### [Exercise]
Each line, starting at the one with "Diễn viên Lan" and running to the end of the data below, is to be set down again exactly, both ends included; leave pictures out.

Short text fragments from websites
========================================================================

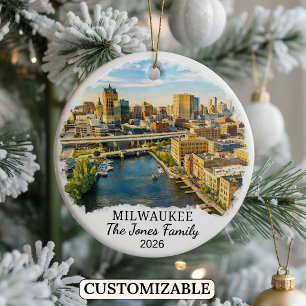 Personalisierter Milwaukee-Schmuck, Benutzerdefini Keramik Ornament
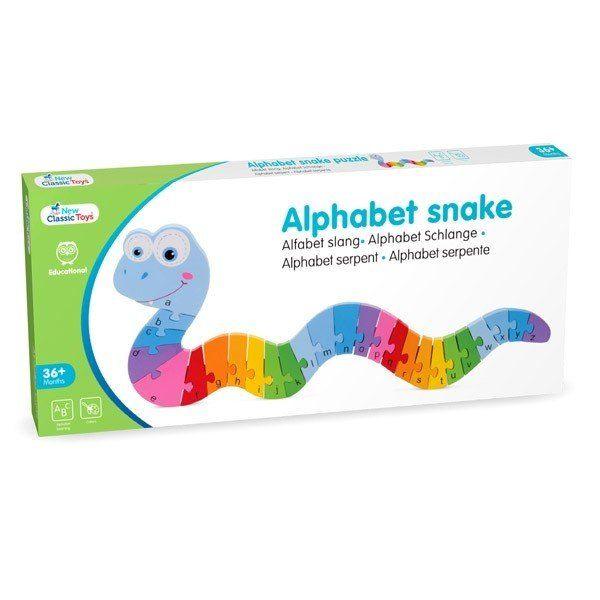 New Classic Toys - Rainbow Alphabet Snake Puzzle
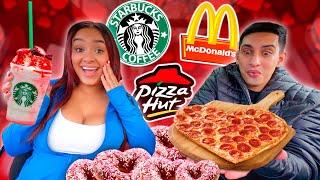 TRYING NEW VALENTINES DAY ITEMS FROM FAST FOOD RESTAURANTS!!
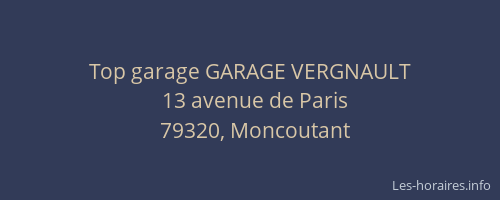 Top garage GARAGE VERGNAULT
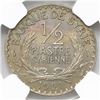 Image 2 : Syria (struck at the Paris mint), 1/2 piastre, 1921, NGC MS 64.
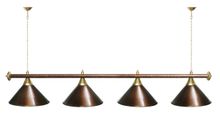 Лампа STARTBILLIARDS 4 пл. (плафоны золотые,штанга золотая,фурнитура золото)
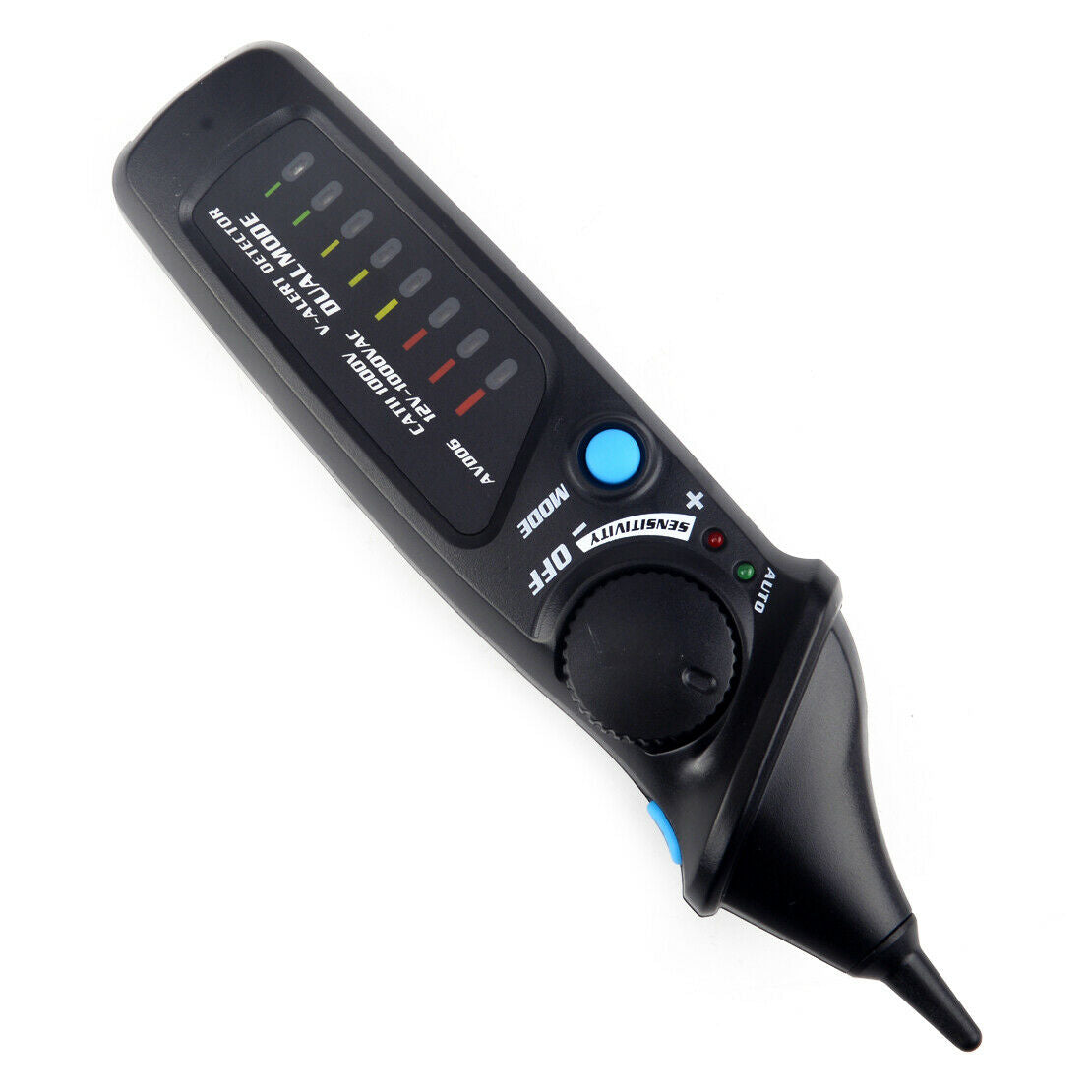 Black Universal Non-contact Voltage Detector Test Pen Circuit Tester 12-1000V as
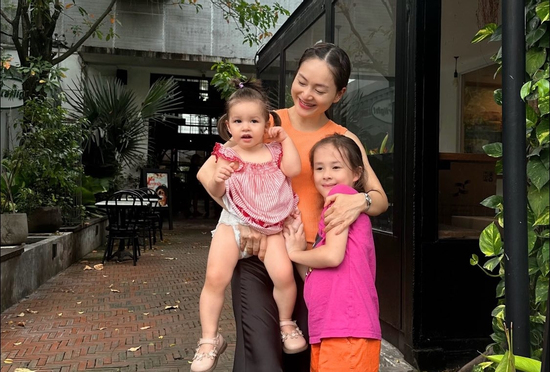 Diễn viên Lan Phương khoe hình bên hai con, chia sẻ cách tự chữa lành sau biến cố hôn nhân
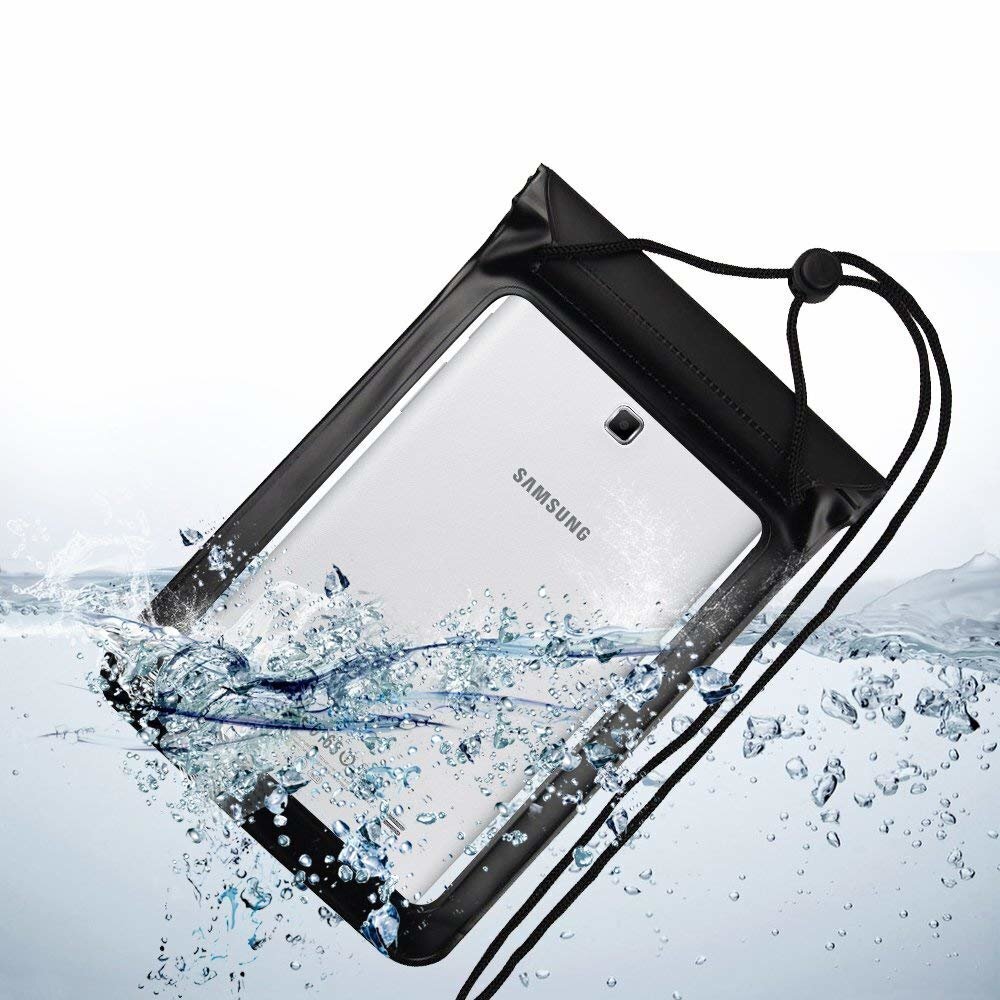 Universal Waterproof Case Pouch Dry Bag for Phone or Tablet up to 8" black cena un informācija | Telefonu vāciņi, maciņi | 220.lv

========================================================================

### [Exercise output]
 Diễn viên Lan Phương khoe hình bên hai con, chia sẻ cách tự chữa lành sau biến cố hôn nhân
 Universal Waterproof Case Pouch Dry Bag for Phone or Tablet up to 8" black cena un informācija | Telefonu vāciņi, maciņi | 220.lv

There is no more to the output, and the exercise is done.